Een groot deel van de impact van de voederaankoop is toe te schrijven aan sojaschroot, met daaropvolgend soyfeed, granen, raapschroot en CCM. Na voederaankoop volgt mestopslag in het rijtje van belangrijk aandeel in de klimaatimpact, voornamelijk door het vrijkomen van lachgas (N2O) en methaan (CH4). Dit wordt vooral gestuurd door parameters als voeder, N excretie, type opslag, duurtijd van de opslag en buitentemperatuur. Tot slot, zijn infrastructuur, energiebeheer en waterbeheer samen verantwoordelijk voor 2,03% van de totale klimaatimpact. 

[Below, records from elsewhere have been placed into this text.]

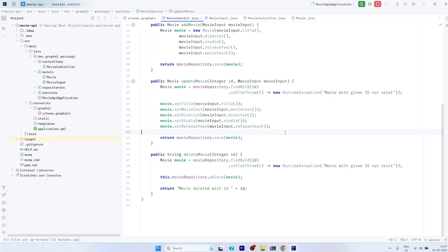Hello everyone. Welcome back to the channel. In this video, we are going to discuss about exception handling in the GraphQL APIs.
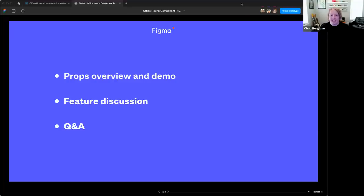We're going to give an overview on component props — or just 'props' as we like to call it — followed by a demo, a discussion on the feature, and then we'll open it up for your questions. With that, I'd like to hand it over to Naomi, who is going to talk about props and variants.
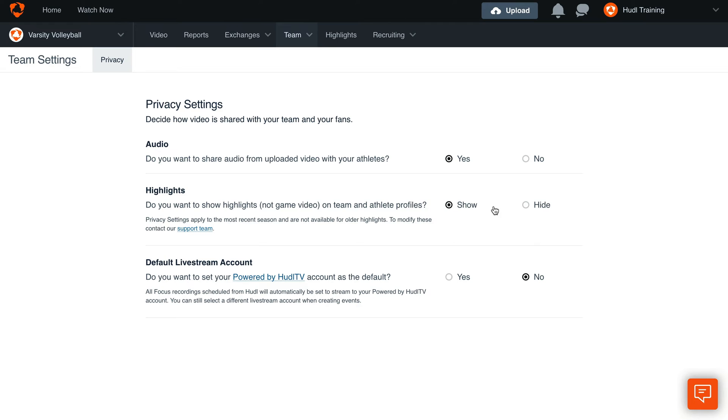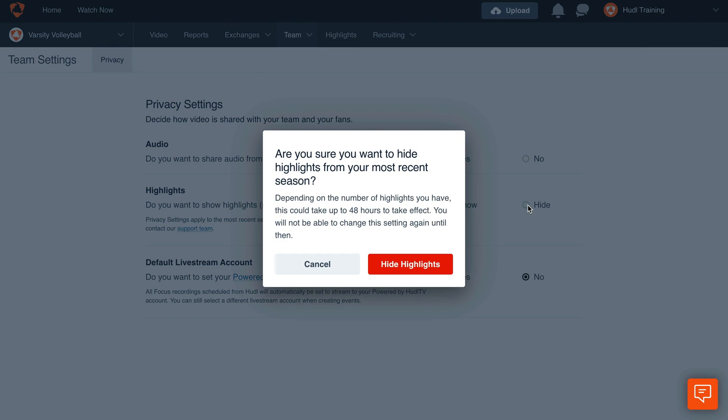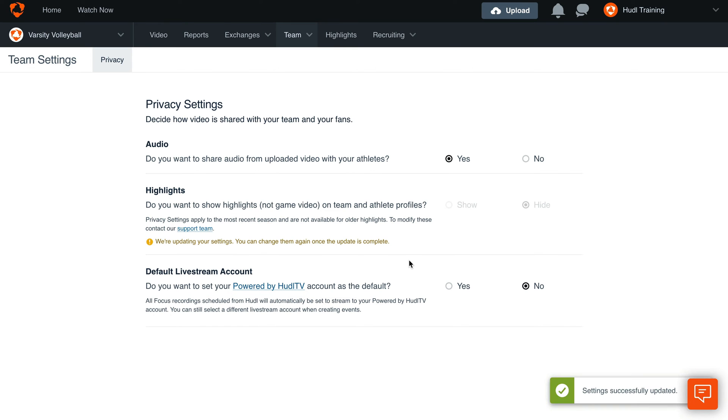To keep your highlights private and viewable only by team members, click hide. Selecting hide won't affect a logged-in recruiter's ability to find and evaluate your athletes. Verify the settings by selecting show highlights or hide highlights.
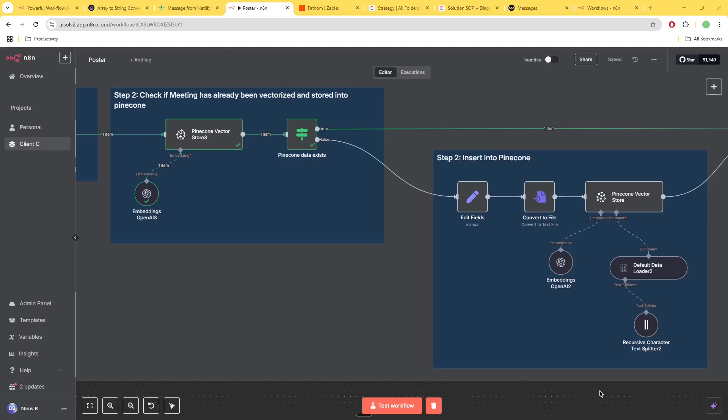The way that we do this is we have two steps. Step number one is check if the data has already been vectorized and stored into Pinecone, and step number two is if that is false then make sure that you do the insertion into Pinecone.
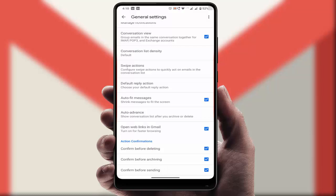So whenever you are sending an email to anyone, before sending you will get a confirmation message asking if you want to send or not.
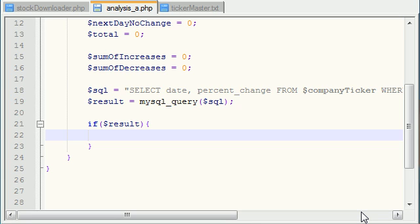Alright guys, in the last tutorial we pretty much queried the database and we asked it to return a result set of all the days where the stock price went down. I'm losing my voice, great timing for that.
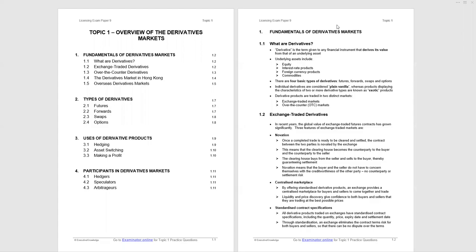Welcome to this short Executive Knowledge Lecture on Topic 1, Paper 9 of the SFC Licensing Exams. This topic covers overview of the derivatives markets, and it's just that - an overview introducing concepts we'll cover in detail later. You could see around 2 to 3 questions from Topic 1.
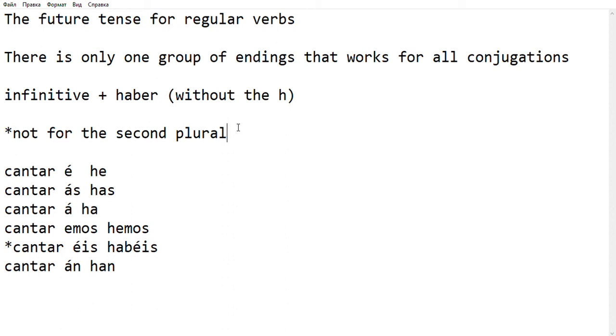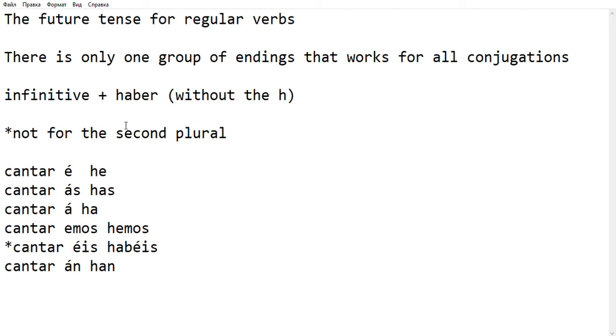So the verb AMAR, the verb COMER, and the verb VIVIR will have the same endings in the future. Another thing to note here is that it's very easy to remember what these endings are, because they are based on the verb HABER. The only thing you have to remember is that the second plural is different.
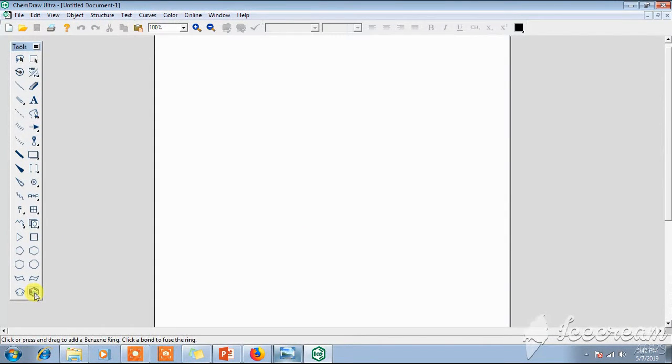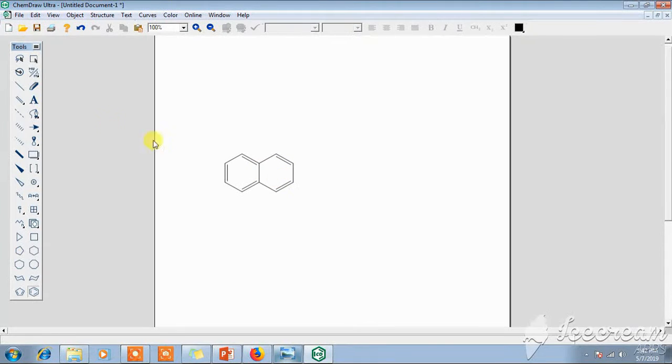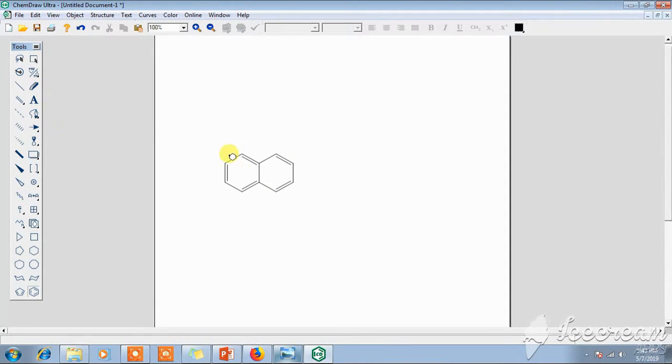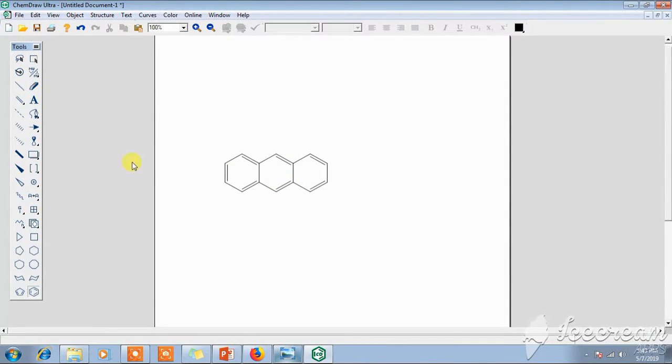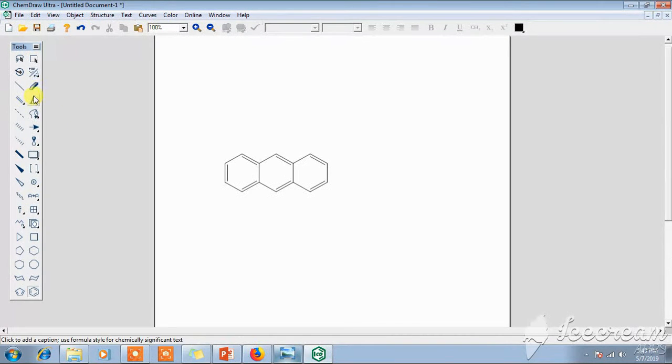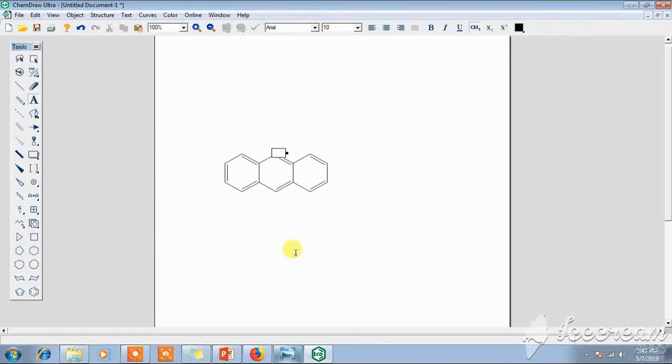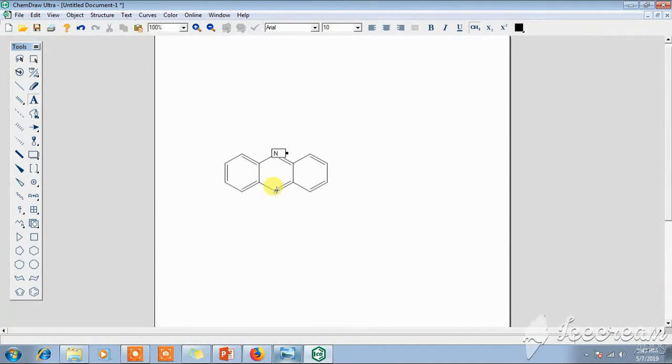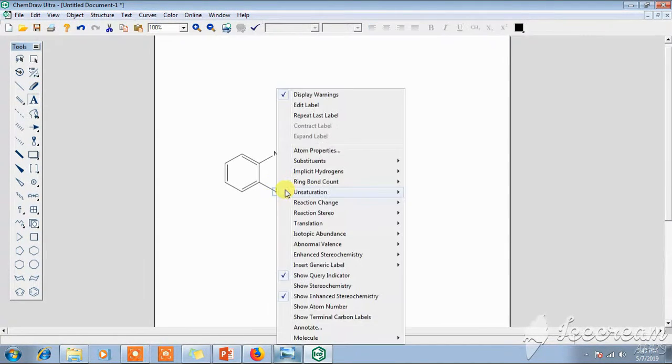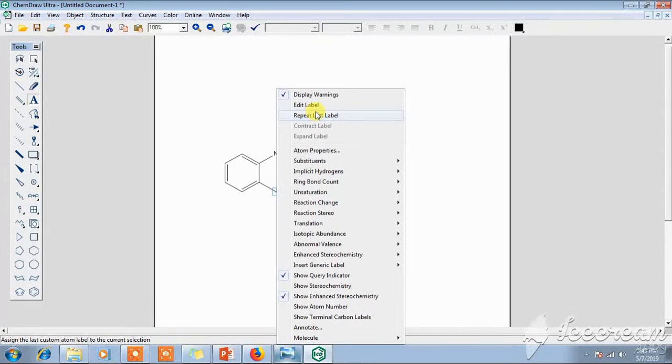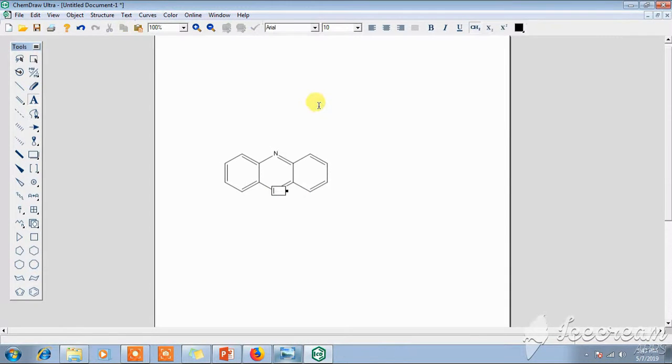Now draw the structure here, any structure. If you don't know their name, you can write their name. I will tell you how you can write the name also.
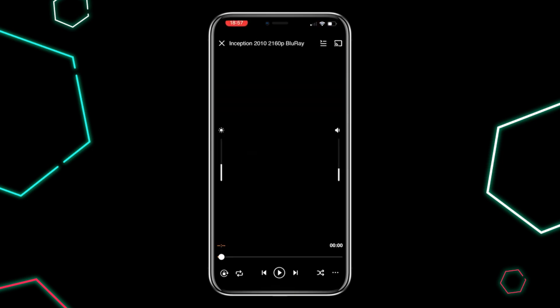Tap the play button to start streaming your chosen content and enjoy watching it right on your iPhone. And that's how you use Streamio on your iPhone — simple and easy.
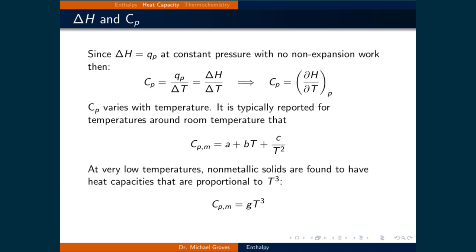Since the change in enthalpy is equal to the heat transferred at constant pressure with no non-expansion work, the heat capacity C sub p — being equal to the heat transferred divided by the change in temperature — is equal to the enthalpy change divided by a change in temperature. Written as a partial differential, this is equal to dH over dT at constant pressure.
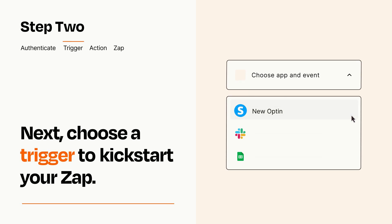Now let's set up your trigger, which is the event that starts your Zap. Pick the trigger event that you want from the list.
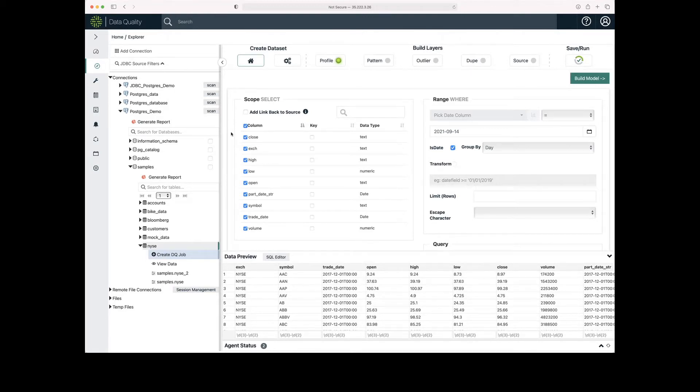On this page, DQ is going to show me all the available columns in the data set. It's also going to give me a preview of the data that's in the data set.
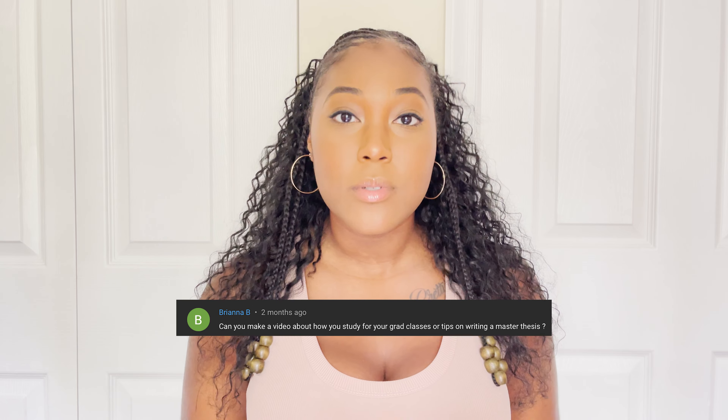A while back, Brianna — sorry if I'm saying your name wrong — asked me if I could do a video on how to write a thesis, and I promised I would. Now that I've finished mine, I can finally give some input, insight, and tips. So today I'm just going to be giving some tips on how to write a master's thesis.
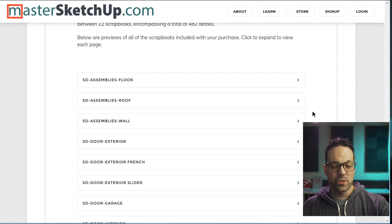All right. If you're interested in purchasing the Sonder detail scrapbooks, you can go to SketchUpDetails.com to be forwarded to the sales page or click the link in the description below. That's all I have for you in this video. Make sure to like and subscribe if you haven't already, and I'll see you in the next video.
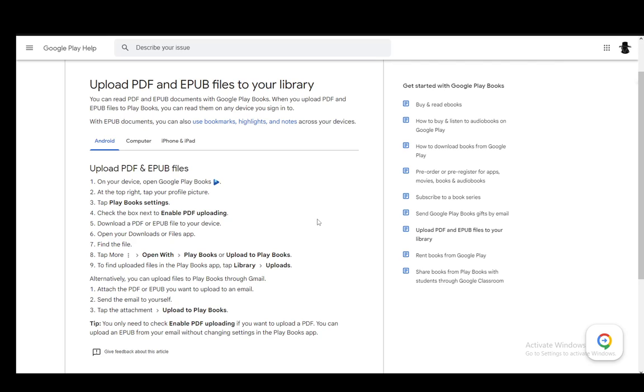You can also upload files through Gmail by attaching the file you want to an email, then sending the email to yourself and tapping the attachment and clicking upload to Play Books.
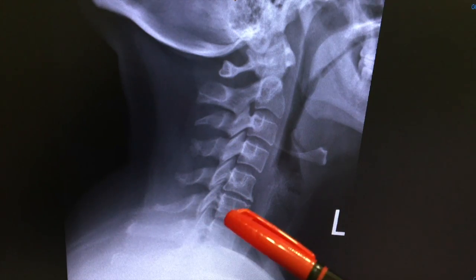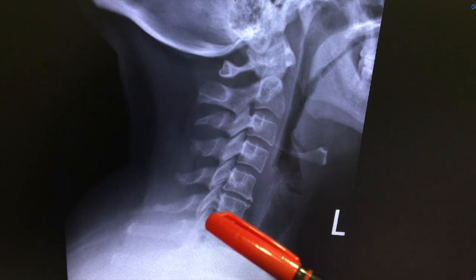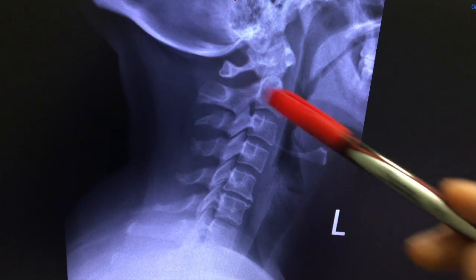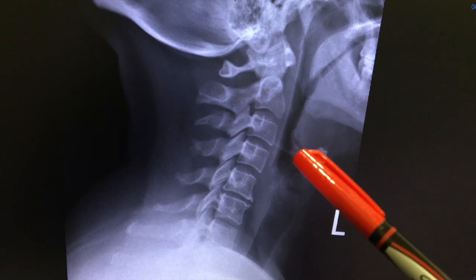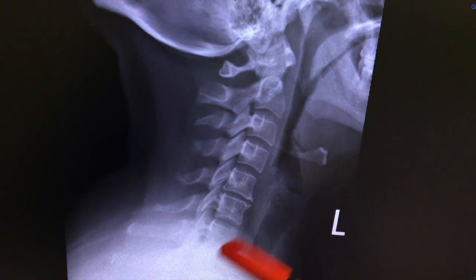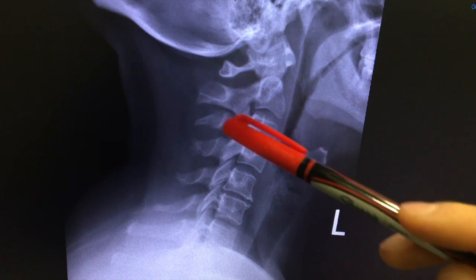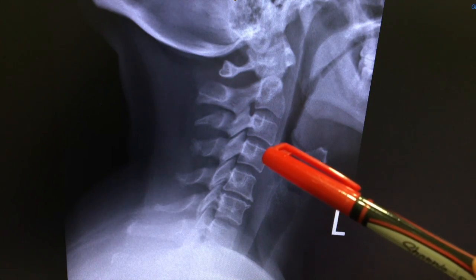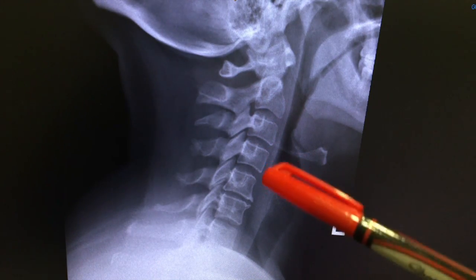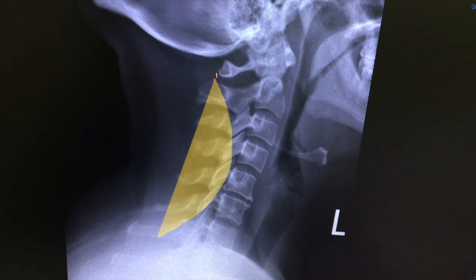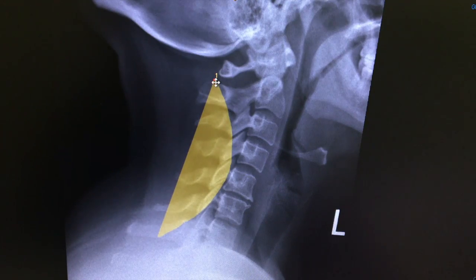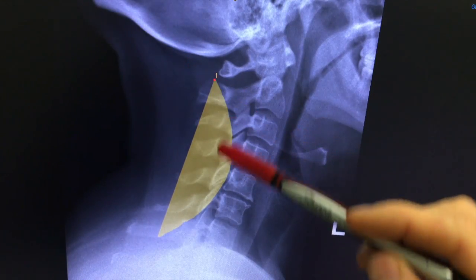Three important things we need to note. When we're looking at the neck from the side — this is the skull, this is the jaw, these are the teeth out front — you're looking for three things: a nice C-shaped curve, kind of like a banana; nice square bones; and a nice space between the bones. The bones in the neck should have a nice curve, as your neck should have a lordosis, which is that banana shape.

in tegenstelling tot melkvee is er bij varkens weinig impact van enterische emissies (methaanemissies die ontstaan tijdens de spijsvertering) (6% ten opzichte van 41% bij melkvee).

 

Figuur 1: Bijdrage van de deelsystemen aan de klimaatimpact van varkens bij het verlaten van de varkenshouderij, uitgedrukt in kg CO2-equivalenten per kg levend gewicht. Gemiddelde op basis van vijf bedrijven.

 

Net zoals bij melkvee en akkerbouw, wordt hier ook een deel van de impact gealloceerd (zie Figuur 2). De klimaatimpact van de verkochte biggen/gelten/beren, gaat naar de koper. De klimaatimpact van de verwerking van de gestorven dieren bij Rendac, wordt toegeschreven aan Rendac, daar deze karkassen nog een economische waarde kunnen hebben.

De klimaatscan is een vereenvoudigde levenscyclusanalyse waarbij een aantal parameters alvast weggelaten werden omdat hun bijdrage aan de klimaatimpact verwaarloosbaar is. Zo vragen we de gewasbeschermingsmiddelen en medicatie niet meer op.

 

Figuur 2: Schema dat weergeeft wat wel en niet is inbegrepen in de klimaatscan voor de varkenshouderij

 

Het resultaat op zich zegt niet veel als we dit niet in perspectief kunnen plaatsen. Daarom werd er een korte studie gedaan naar vergelijkbare beschikbare data. In Figuur 3 kunnen klimaatvoetafdrukken uitandere databronnen (Agri-footprint en Agribalyse) en landen worden teruggevonden. We kunnen deze niet 1 op 1 vergelijken met het resultaat van Klimrek, omdat er altijd een aantal verschillen zitten op de rekenmethode en volledigheid van de scan  in vergelijking met deze van Klimrek. Resultaten uit eenzelfde databank zijn wel onderling vergelijkbaar.

 

Figuur 3: Een greep uit resultaten van andere landen uit LCA-databanken om de resultaten in perspectief te kunnen plaatsen.

Uitdagingen

Tot slot dient er te worden stilgestaan bij de grootste uitdaging voor deze sector. De klimaatimpact van het voederbeheer op een varkensbedrijf is duidelijk het belangrijkste in aandeel. Daar zou dus als eerste op kunnen gewerkt worden door de varkenshouder. Alleen heeft deze geen zicht op de samenstelling van de aangekochte mengvoeders, enkel de volgorde van ingrediënten op het etiket is geweten, maar niet in procentueel aandeel​. Daarenboven fluctueert de voedersamenstelling vaak nog van maand tot maand. Deze uitdaging is niet van toepassing op brijvoederaars, omdat zij hun voedersamenstelling zelf meer in handen hebben.

Om deze uitdaging op te lossen, wordt er samengewerkt met BFA om een beter beeld te krijgen van de klimaatimpact van de verschillende voedersamenstellingen.